1. The redacted Mueller report was released to Congress and the public on April 18.
The Mueller report was released with redactions on April 18, 2019, with only about 8% of the report containing redacted material. Congress will now have the ability to determine if any parts of the report merit further investigation. House Judiciary Chairman Jerry Nadler stated he would subpoena for the full report without redactions, as well as requesting Mueller’s testimony before the Judiciary Committee. House Speaker Nancy Pelosi and Senate Minority Leader Chuck Schumer additionally argued that Mueller’s testimony would “restore public trust,” while House Republican Leader McCarthy urges Democrats to move on and work on other issues now that the investigation has concluded. President Trump has dismissed the Mueller report, stating it is fabricated and untrue. Believing it was made to make him look bad by Democrats, Trump insists there was no obstruction in addition to the findings of no collusion.
2. Robert Mueller was appointed as special counsel to the Russia probe in 2017.
Deputy Attorney General Rod Rosenstein appointed Robert Mueller in May 2017 as a special counsel to investigate Russia’s interference in the 2016 presidential election. This probe expanded to include an investigation of President Trump for possible obstruction of justice the following month.
3. The Steele dossier, also known as the Trump-Russia dossier prompted early investigations.
Christopher Steele worked for British intelligence and comprised a series of documents claiming conspiracy between Russia and the Trump campaign during the 2016 election. The dossier claims that Russia interfered with the election by releasing damaging information on Hillary Clinton and assisting Trump win. All documents were published by Buzzfeed in 2017 before any of its contents were verified, and while some vindicate its release, it has been largely discredited.
4. Almost 200 people were charged as a result of the investigation, including Russian nationals and groups.
In October of 2017, Trump’s campaign manager Paul Manafort and his business associate Rick Gates were indicted with 12 counts of conspiracy against the U.S. as well as money laundering, the first of several charges that would be leveled against people in or connected to the 2016 Trump presidential campaign. That following December, the former national security advisor Michael Flynn plead guilty to making false statements to the FBI in regard to conversations with Russian contacts. In February of 2018, 13 Russian nationals and 3 Russian companies were indicting for their interference with the 2016 election and violating criminal laws through propaganda. That following July, 12 more Russian intelligence officers were indicted for the release of the Democratic emails during the 2016 campaign. Trump’s attorney Michael Cohen then had his home and office raided by FBI, and was subsequently charged with finance violations, tax evasion, and lying to congress. Cohen then testified in front of a House committee, stating he was instructed by President Trump to pay hush money to women alleging affairs with Trump.

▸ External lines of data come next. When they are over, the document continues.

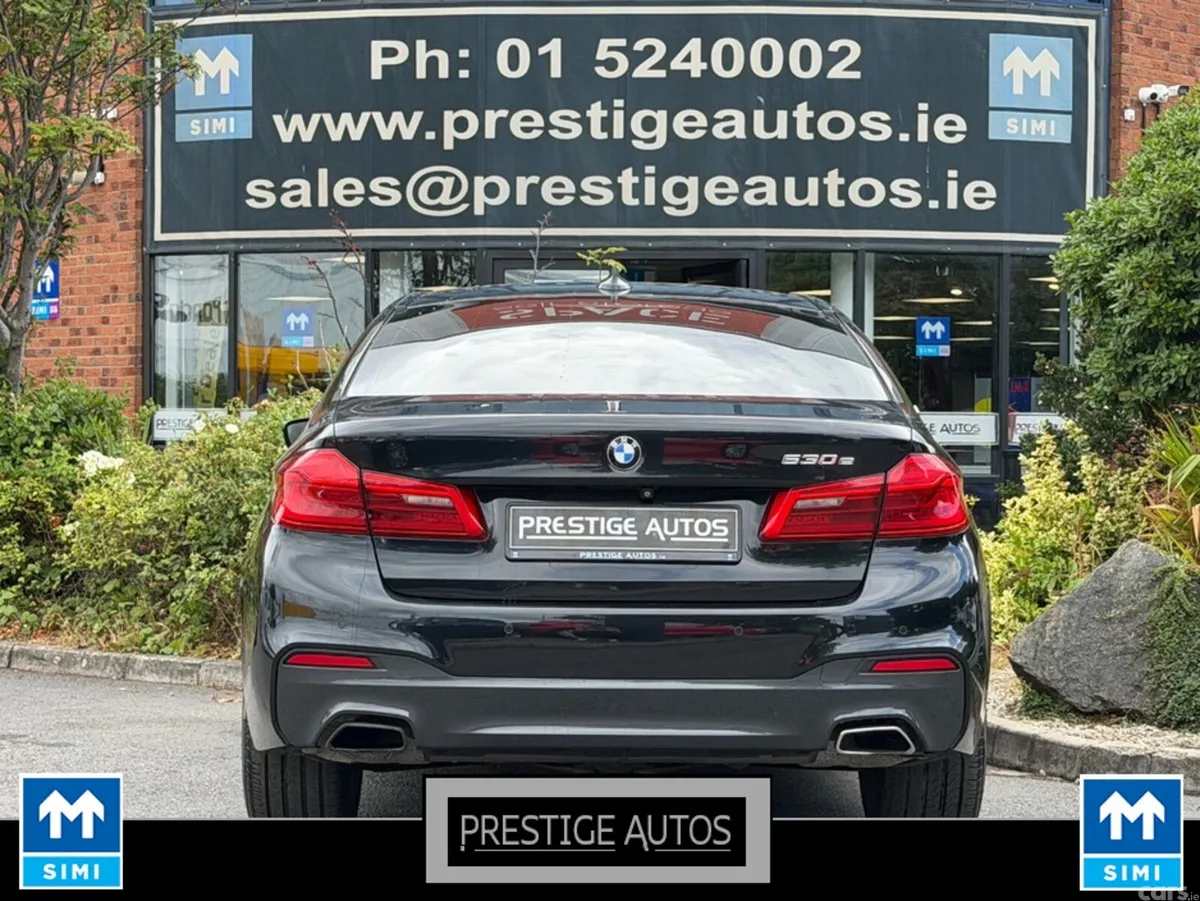 BMW 5-Series Saloon, Petrol Plug-in Hybrid, 2017, Black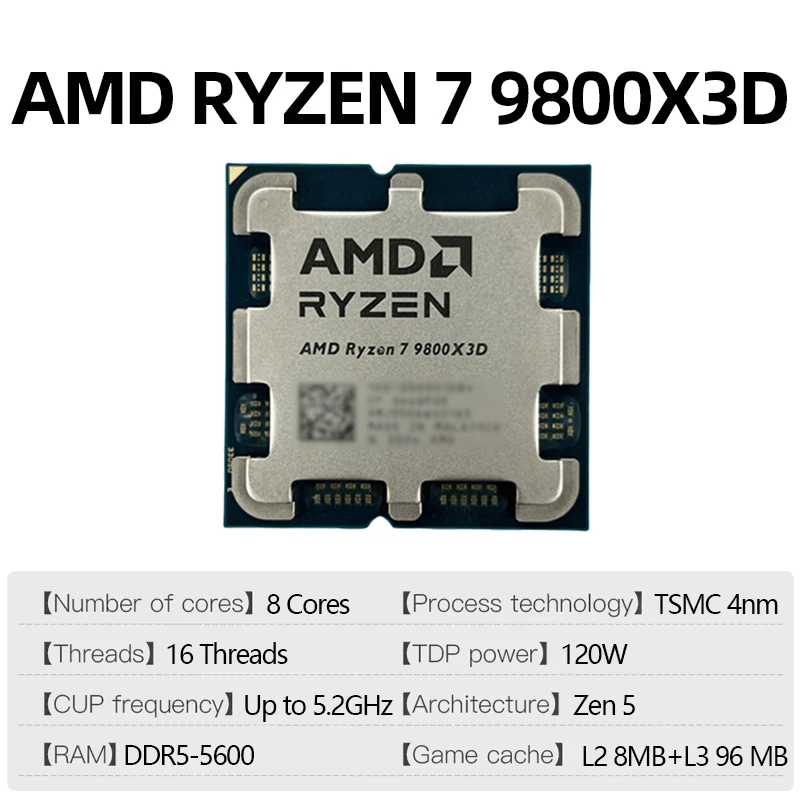 AMD Ryzen 7 9800X3D Game CPU U - Amd Cpu Ryzen 7 ulasan dan harga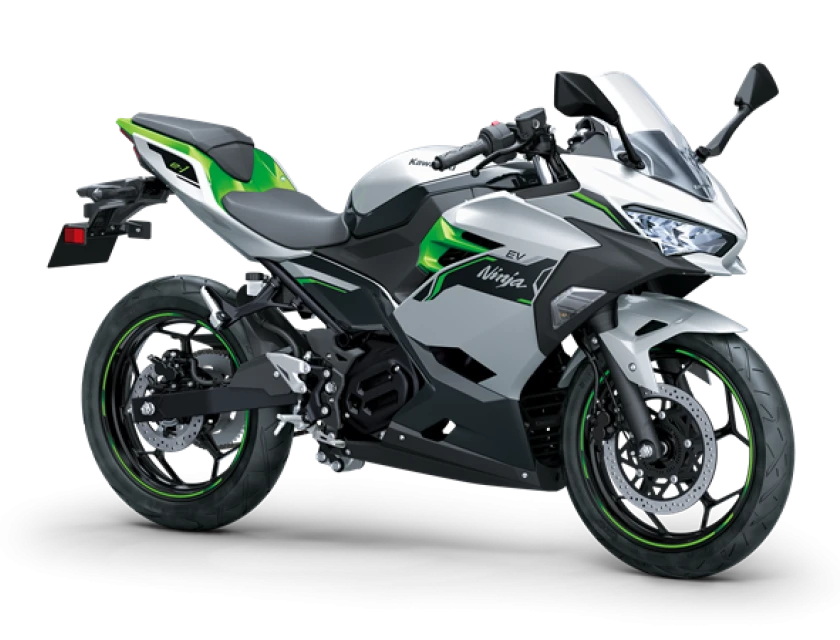 Kawasaki Ninja e-1 Metallic Bright Silver / Metallic Matte Lime Green / Ebony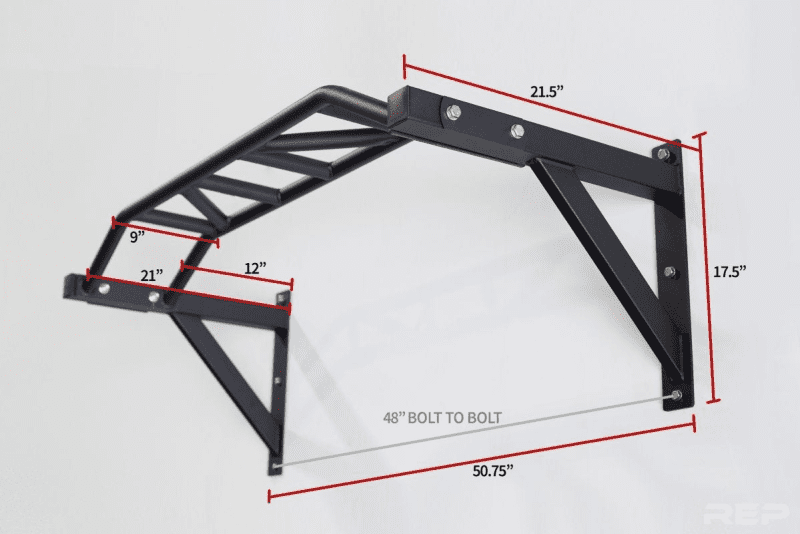 WallMountedMulti GripPull upBarDims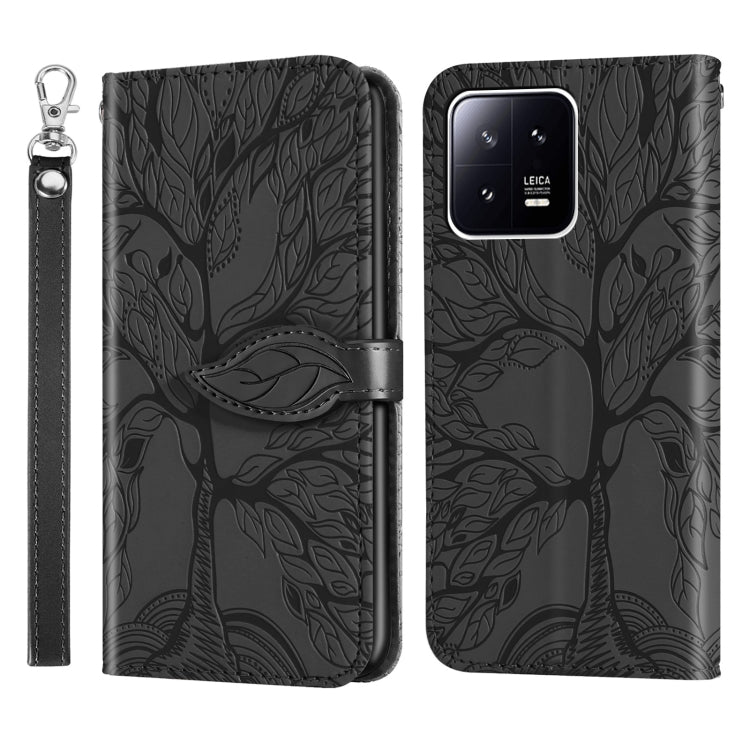 Custodia in pelle con motivo albero della vita per Galaxy A34 5G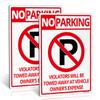 Anley No Parking Sign, 14 x 10 in, 40 Mil Rust-Free Weatherproof Aluminum, Easy Installation, Metal Outdoor Warning Signs, 2-Pack view 1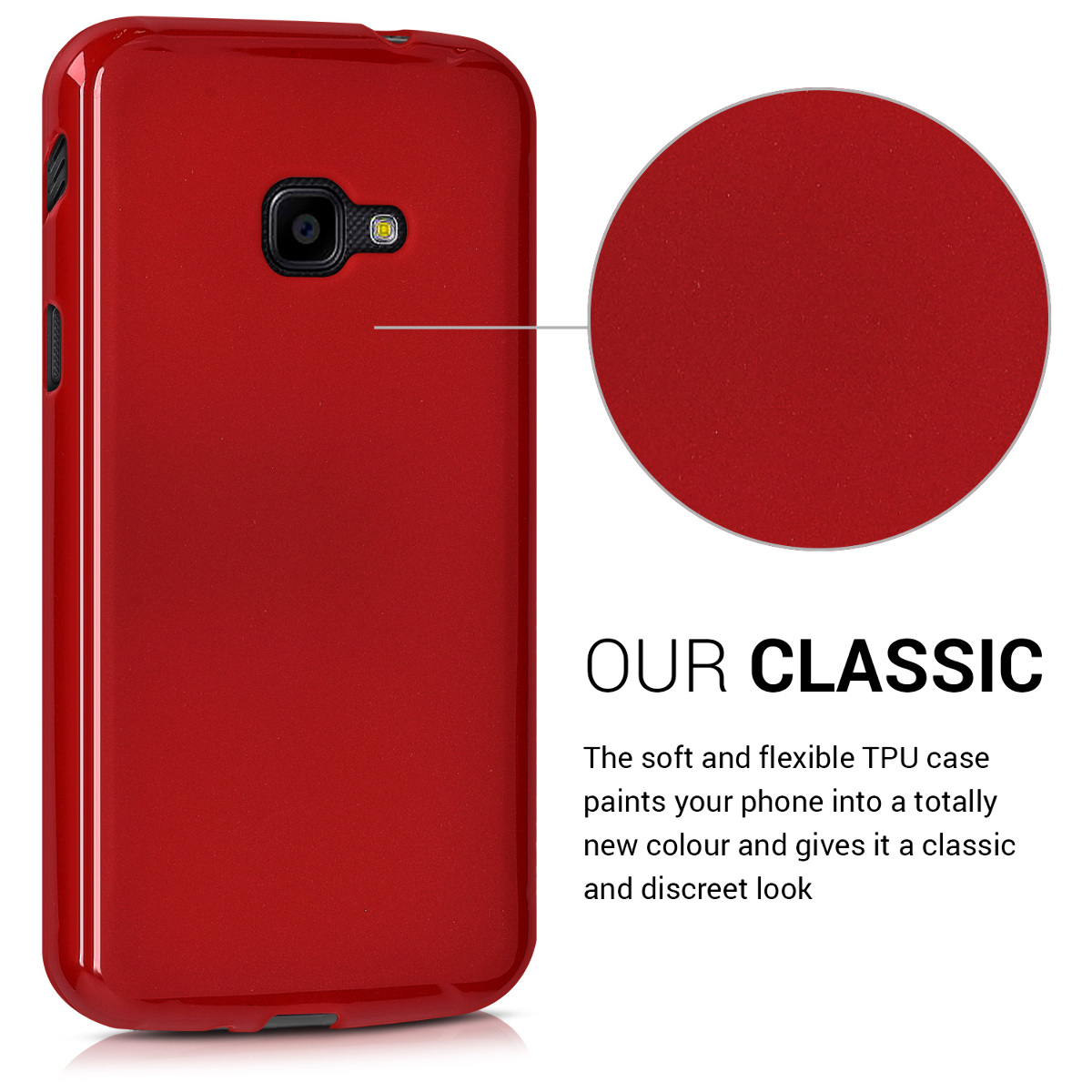Pouzdro pro Samsung Galaxy Xcover 4 / 4S kwmobile TPU - červená matný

5. The full Mueller report was about 400 pages, and Attorney General William Barr sent a four-page summary to Congress.
Barr received the report on March 22 and sent a four-page summary report to Congress two days later stating that the investigation did not establish conspiracy or collusion with Russia and the Trump campaign. Regarding the investigation of obstruction of Justice, the Mueller report stated while it “does not conclude that the President committed a crime, it also does not exonerate him.”